Но драться и дальше они уже не могли.

12 июля 1809 года, в два часа ночи, было подписано перемирие. Переговоры о мире, однако, шли примерно так же, как шли сражения – австрийцы перестали быть уступчивыми. Дипломаты сообщали в свои столицы, что если в 1805 году войны хотело только правительство Австрии, то в 1809-м дух сопротивления наполнял и правительство, и армию, и народ. Торговля шла вплоть до октября, и успех переговоров оказался решен не только на Дунае.
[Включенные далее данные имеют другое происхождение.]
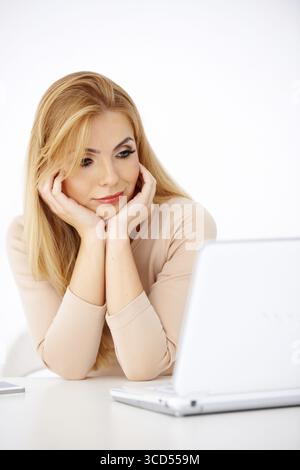 Jolie jeune femme blonde regardant inquiet à son ordinateur portable Banque D'Images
31 августа 1809 года англичане сделали попытку высадиться на острове Вальхерен, в теперешней Бельгии. Предполагалось, что они смогут использовать тот факт, что войска Наполеона разбросаны между Испанией, Италией и Германией и что на собственно французских границах никакой военной силы нет. Их надежды оказались разбиты. В северных департаментах Франции было введено чрезвычайное положение, национальная гвардия была мобилизована.
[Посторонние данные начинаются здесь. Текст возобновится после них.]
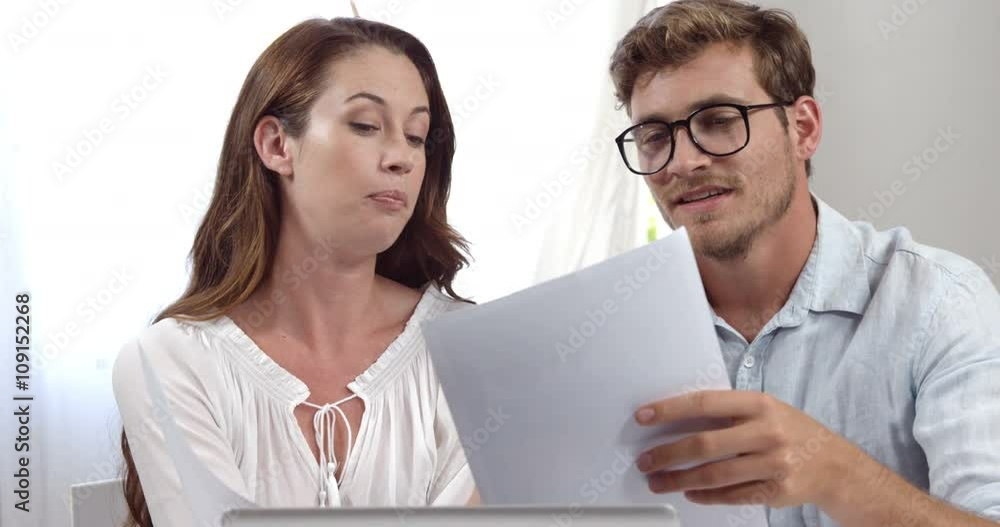 Businesswoman and businessman disagreeing Businesswoman and businessman disagreeing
Англичане потерпели поражение, им пришлось немедленно отступить. Это повлияло на обе стороны, ведущие переговоры в Шенбрунне. Император Франц понял, что помощи он не дождется, – и смягчил свою позицию. Император Наполеон немедленно воспользовался этим обстоятельством и заключил столь желанный ему мир.

Но он был встревожен еще больше, чем его противник. Дело было в том, что мобилизацию во Франции организовал Фуше.

А командовать спешно собранными войсками он сам, своей властью, назначил Бернадотта.

***

Примечания
1. Альфред Дафф Купер (англ. Alfred Duff Cooper; 22 февраля 1890 – 1 января 1954) – политик Великобритании. Входил в Тайный совет Великобритании. Был министром информации в первом кабинете Черчилля.
2. Д. Чандлер. Военные кампании Наполеона, стр. 425
3. Макдональд (Macdonald) Жак Этьен Жозеф Александр – герцог Тарентский с 1809 года, французский военачальник, маршал Франции с 1809-го, участник революционных и Наполеоновских войн. Сын шотландского эмигранта.